Open data platforms [4] play a transformative role by integrating real-time sensor data, satellite imagery, and environmental monitoring from crowdsourced sources. These platforms create a comprehensive view of air quality patterns over time and across locations. Furthermore, they help ensure accountability in urban governance by enabling both researchers and the public to assess the effectiveness of policies and demand data-driven solutions to improve indoor environments. Open data are a critical pillar of urban science, driving transparency, collaboration, and decisions based on solid evidence.

As cities grow increasingly complex, open data provide researchers, policymakers, and planners with tools to track trends, identify challenges, and craft targeted solutions for urban improvement. These platforms unite diverse datasets—ranging from air quality monitoring and transportation patterns to housing data—offering a more integrated understanding of urban systems. By opening up these data to a wider audience, it sparks public involvement, fuels innovation, and fosters interdisciplinary research, which collectively paves the way for more sustainable, inclusive cities.

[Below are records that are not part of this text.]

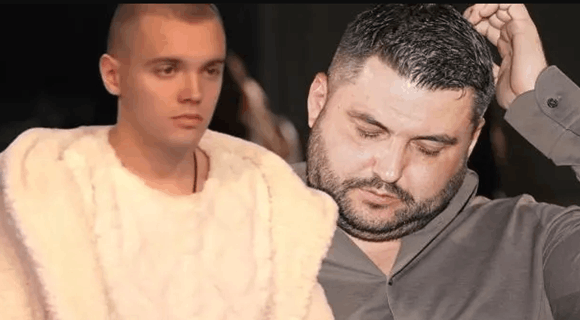 “Ušao si kao gospodin, izlaziš kao blam”: Dačo sasuo Asminu sve u lice – “Rešavanje priče oko deteta te ne zanima”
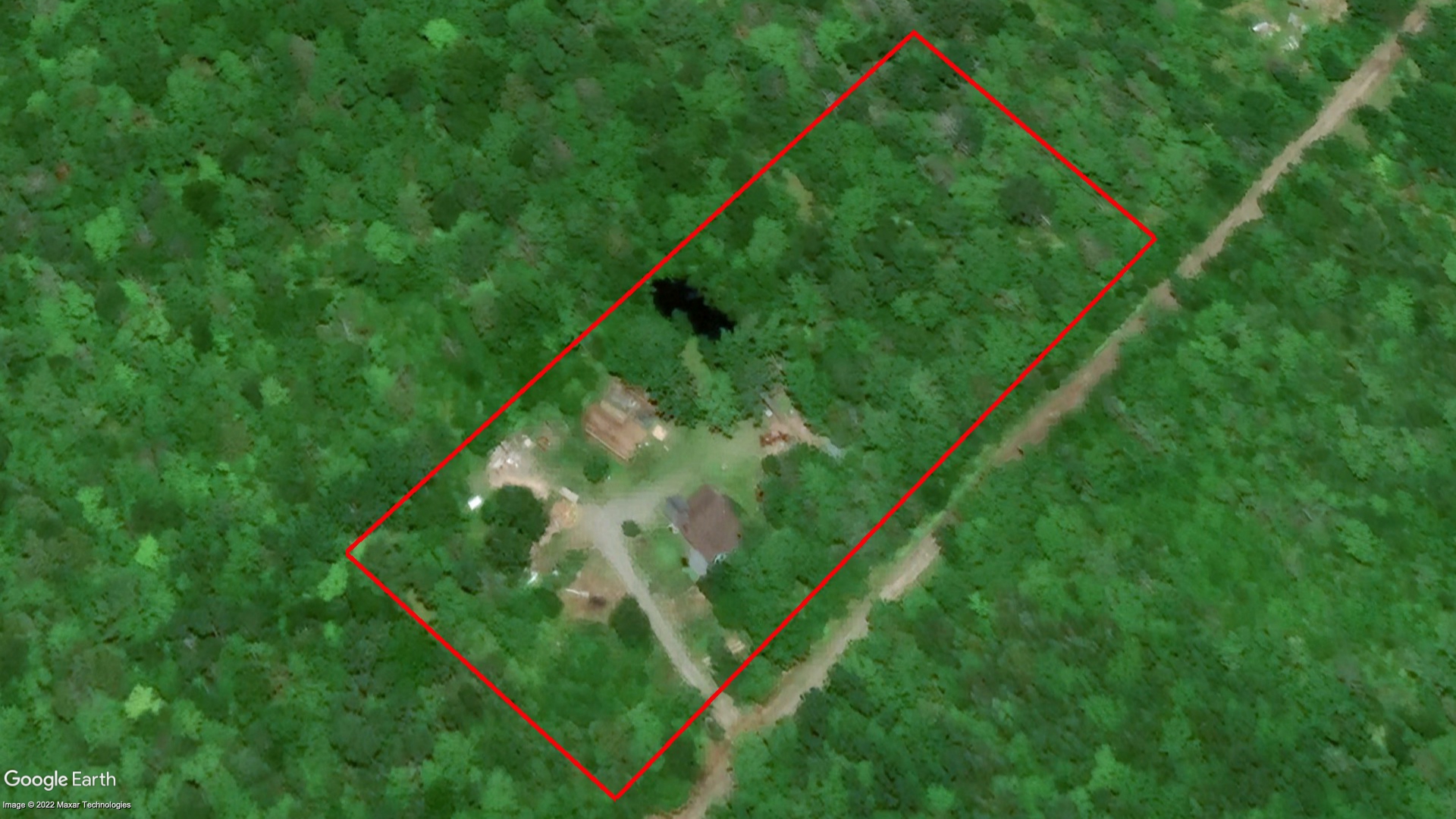 Tax Sale Kings, Nova Scotia - 08096252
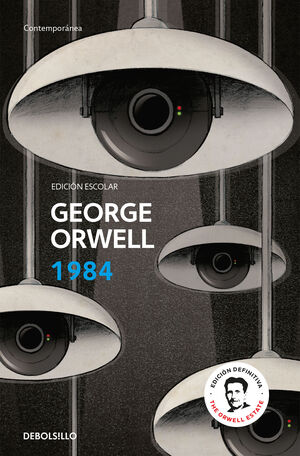 1984 (edición ilustrada) - George Orwell 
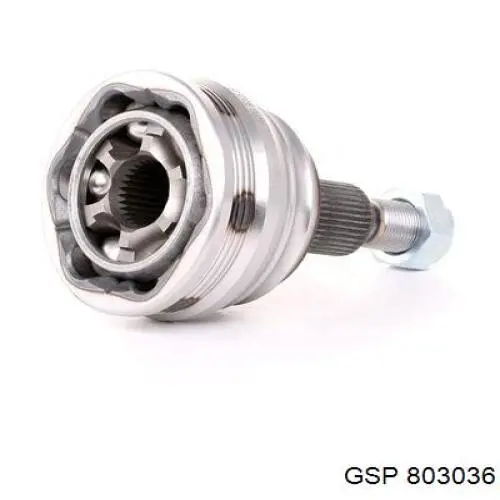 Comprar 803036 GSP Junta homocinetica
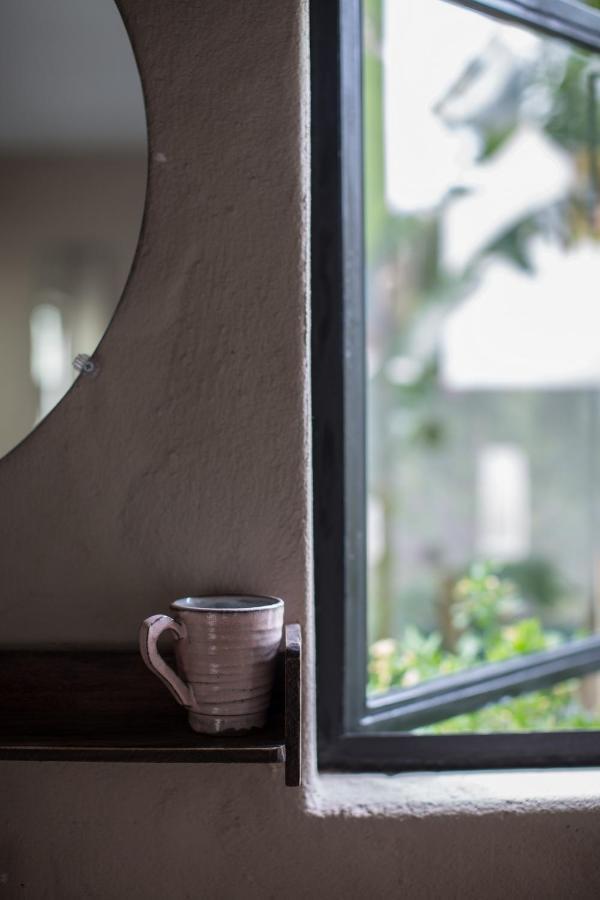 Dechiu Hotell Hoi An Eksteriør bilde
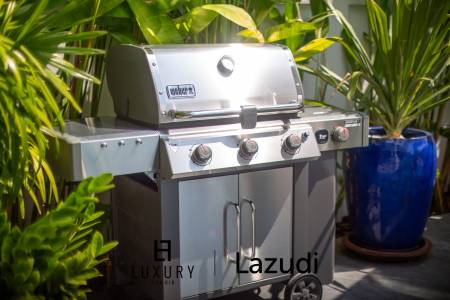 640 平方米 4 床 4 洗澡 别墅 对于 销售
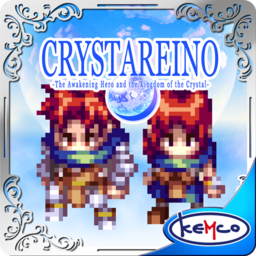Crystareino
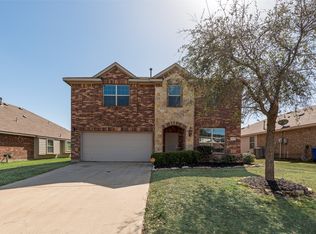3027 Granite Rock Trl, Forney, TX 75126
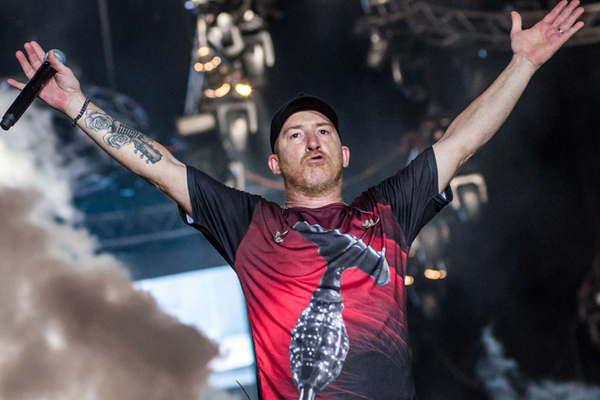 Nos costoacute mucho salir de la etiqueta del rock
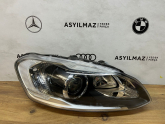 VOLVO XC60 SAĞ FAR ORJİNAL (7 PİM) OEM:31420258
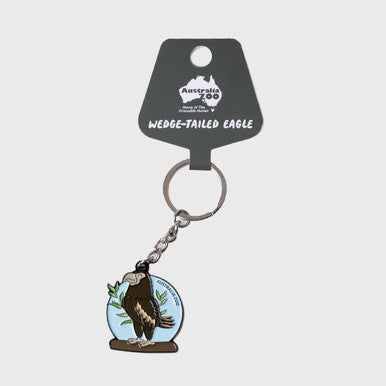 Australia Zoo Bundle Pack - Eagle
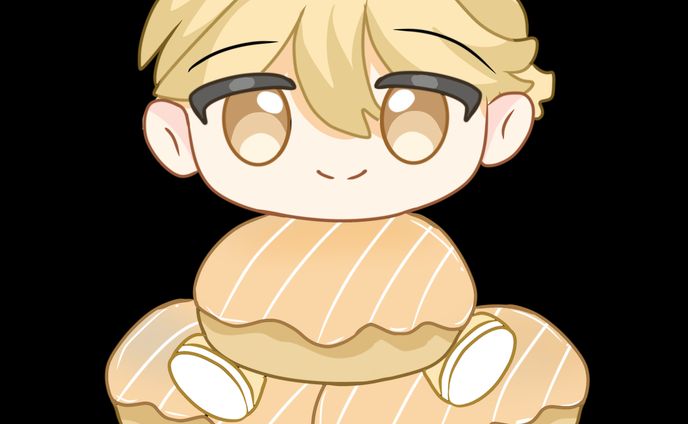 YCH chibi nastar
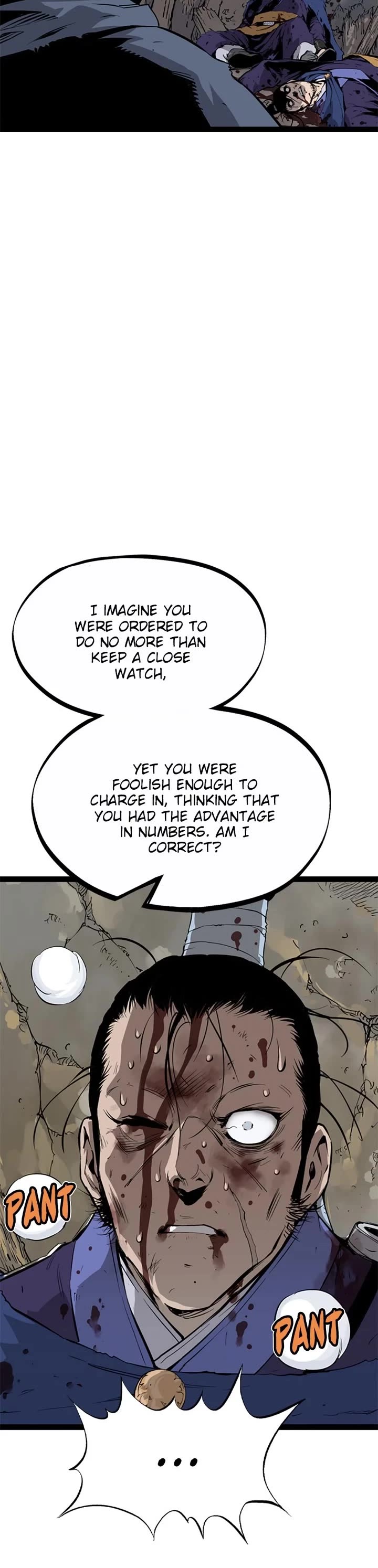 Asura chapter 34 page 14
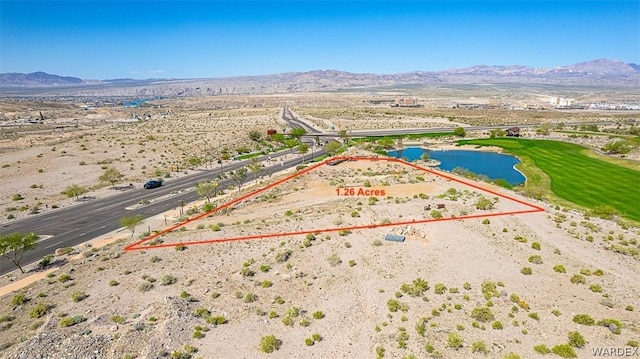 Listing photo 2 for 2651 NW Laughlin Ranch Blvd, Bullhead City AZ 86429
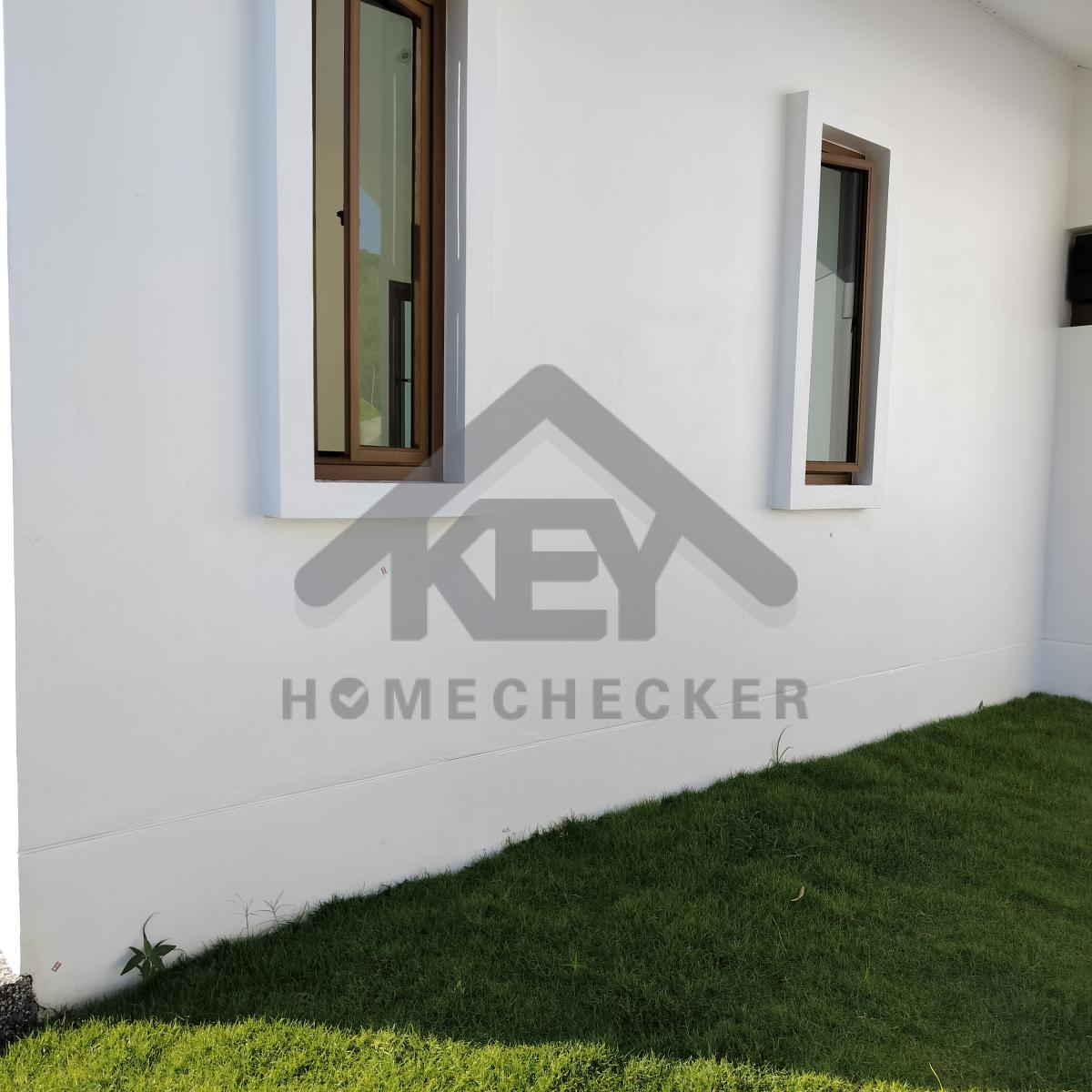 งานภูมิทัศน์และพื้นที่ภายนอกบ้าน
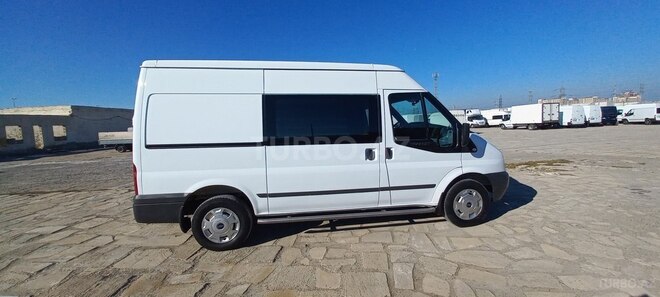 Ford Transit 2007, 165,000 km - 2.4 л - Bakı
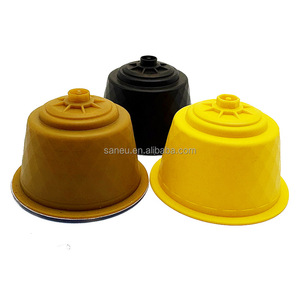 SANEU Jetable <span class=keywords><strong>Nespresso</strong></span> Compatible Capsule Café <span class=keywords><strong>Dosette</strong></span> Vide 54 MM Dolce Gusto Capsule Café <span class=keywords><strong>Dosette</strong></span> Emballage - Product Image 6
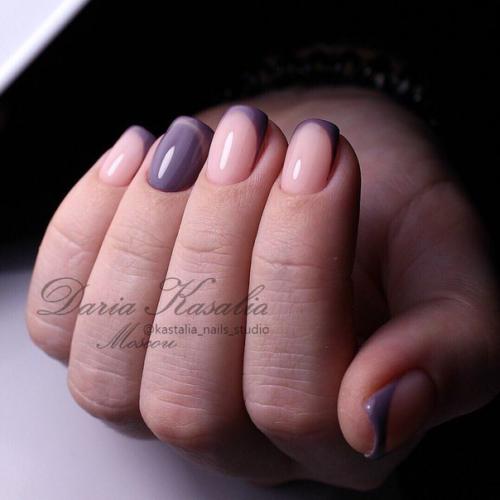 Френч - страшное слово из 5 букв, способное погрузить в депрессию, порой, даже самых опытных и Бывалых мастеров? 03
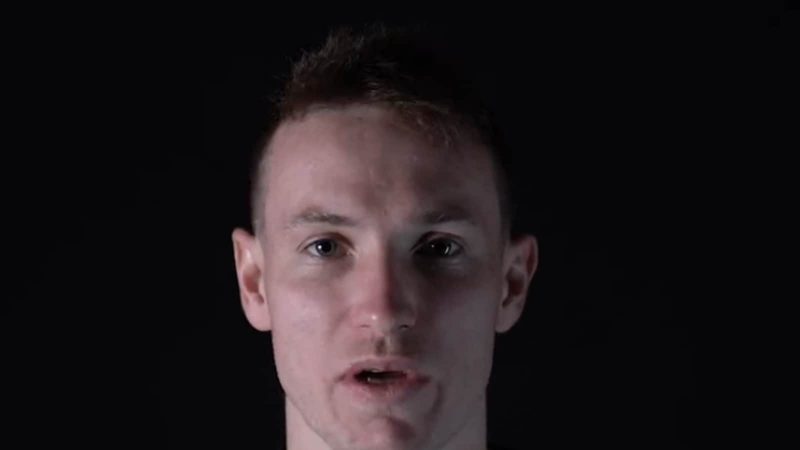 Jakub Jankto, da sele&ccedil;&atilde;o da Rep&uacute;blica Tcheca, assumiu sua homossexualidade publicamente – Foto: Reprodu&ccedil;&atilde;o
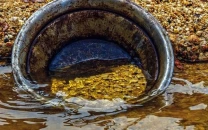 k p imposes ban on illegal mining along indus and kabul rivers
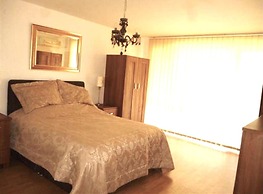 Seaside Studio Apartment in Ravda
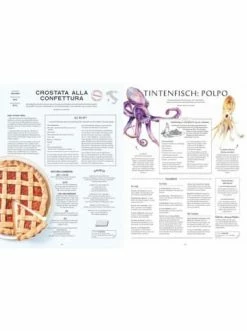 Am billigsten 💯 Bücher & Hörbücher Christian Die Gourmet-Bibel Italien | Absolut Alles über Die Italienische Küche Günstig Kaufen 🎉 9 Am billigsten 💯 Bücher & Hörbücher Christian Die Gourmet-Bibel Italien | Absolut Alles über Die Italienische Küche Günstig Kaufen 🎉 -Günstiges Creano Geschäft christian die gourmet bibel italien absolut alles uber die italienische kuche 2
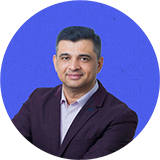 Prerak Mehta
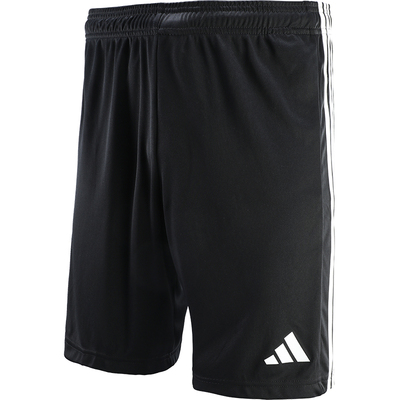 Adidas阿迪达斯足球短裤男休闲训练健身速干五分裤舒适透气JW9916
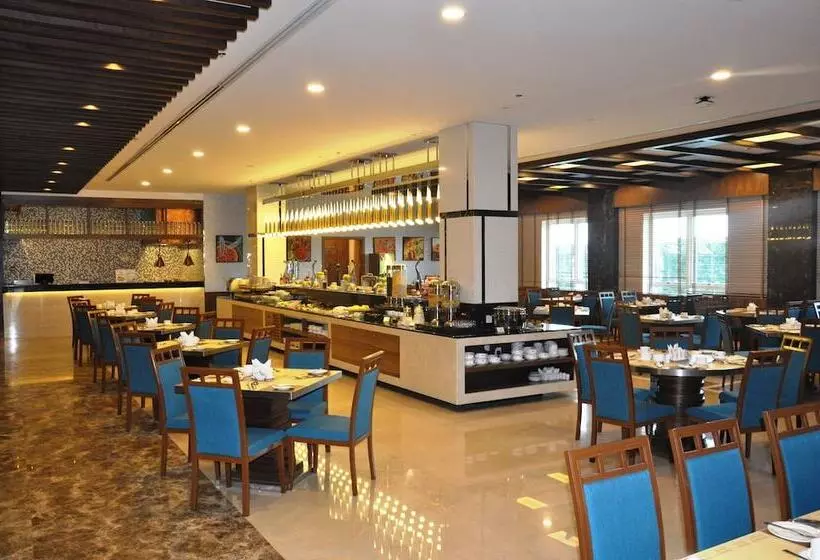 Fotos del hotel Fortune Park:  42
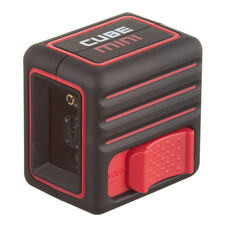 Уровень лазерный Ada Cube mini Basic Edition (А00461)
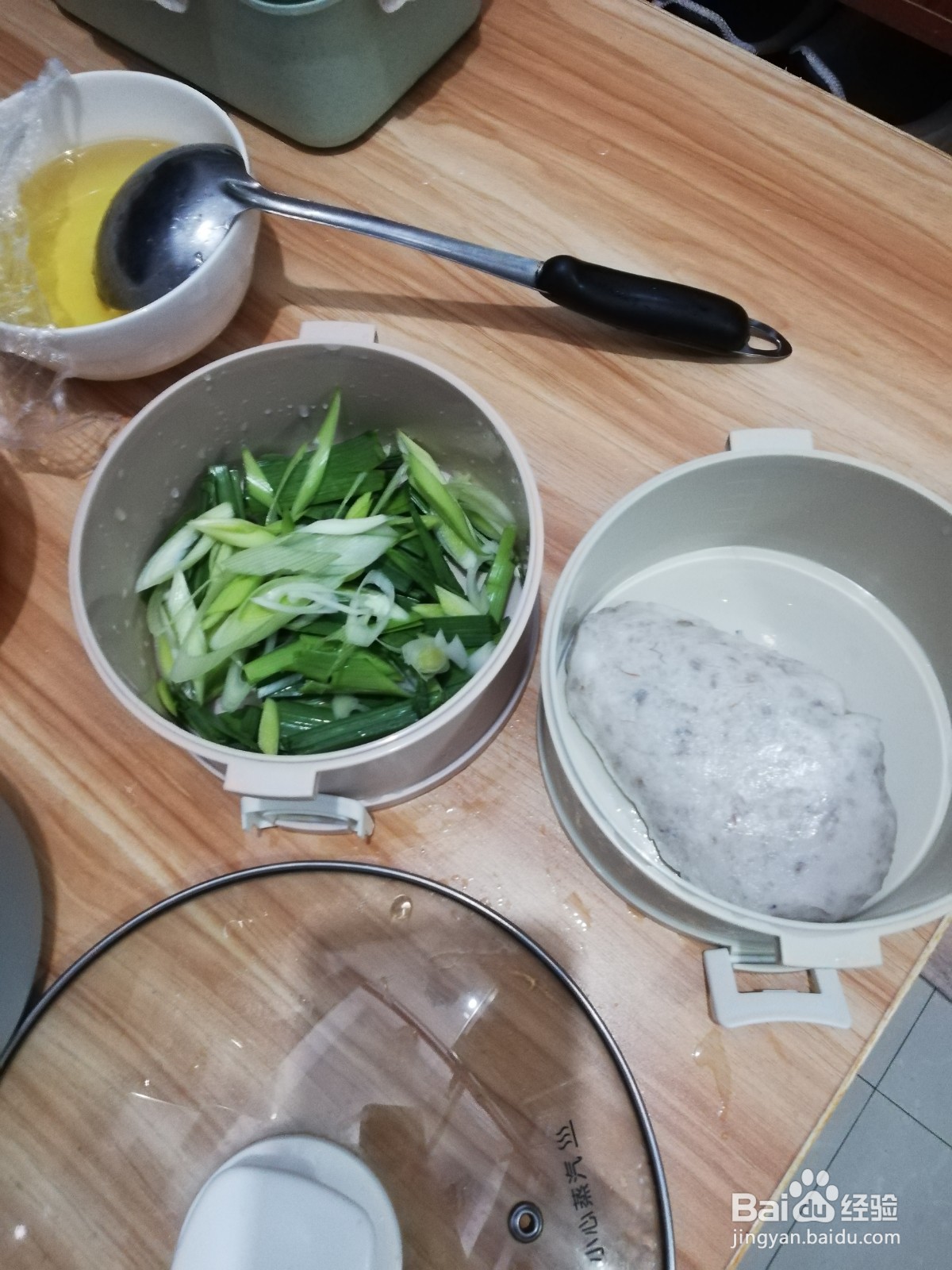 番茄虾滑汤的做法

This study highlights how open data enable a deeper understanding of IAQ and its significance for urban life quality. It also examines how systematically publishing open data can support urban research, particularly by focusing on IAQ as a vital yet often overlooked factor. Challenges like data standardization, privacy concerns, and equitable access are addressed, with the proposed framework, Zenodo [5], to amplify the positive societal impact of open data projects. Ultimately, this work emphasizes the game-changing potential of open data to reshape urban resilience, fairness, and sustainability in a rapidly urbanizing world.

The study presented in this paper has the following aims:

As a major original contribution, to present a complete solution for open publication of experimental data on a platform accessible to any researcher in order to improve scientific research in the field of urban science;
To emphasize the interest of scientific research in the field of urban science related to indoor air quality and the use of open datasets in scientific research—Section 2 of this paper;
To present an original IoT technical approach for monitoring indoor air quality in private spaces based on the AirQ platform presented in Section 3 of this paper;
To provide a solution for automatic archiving historical data recorded within the IoT platform. This aspect, presented in Section 4 of this paper, is extremely important in the scientific research effort leading to rigor in the management of experimental data;
To present the preliminary analysis and cleaning of experimental data as an absolutely necessary step in the data archiving process, which is demonstrated in Section 5 of this article;
To provide an original solution for the open publication of experimental data within a popular platform in the scientific environment, a solution presented in Section 6 of this article;
To emphasize the holistic vision of the open publication approach of experimental data presented within the research of this paper in the conclusions section, Section 7;

The study presented in this paper does NOT specifically aim to achieve the following:

Interpret indoor air quality data in private indoor spaces. The indoor air quality monitoring platform, AirQ, is used only as a source of experimental data in the archiving process. The platform architecture is presented as a starting point for data acquisition. The data archiving process presented in this article can also be used on other categories of measured data (electricity consumption, water consumption, biometric parameters, and monitoring the number of people);
Evaluate the effects of air quality on human health or make comparisons between current air quality standards and data recorded by the AirQ platform. These aspects are outside the scope of this paper;
Propose specific data cleaning methods for air quality parameters. The archiving, analysis, and cleaning methods presented in this paper are generic and necessary for any experimental data.

2. Related Works

Based on the information discussed, we analyzed some studies at the urban level for indoor air quality in private homes, studies based on open-data, and others with studies that aim to automatically provide data in open format in the context of urban science.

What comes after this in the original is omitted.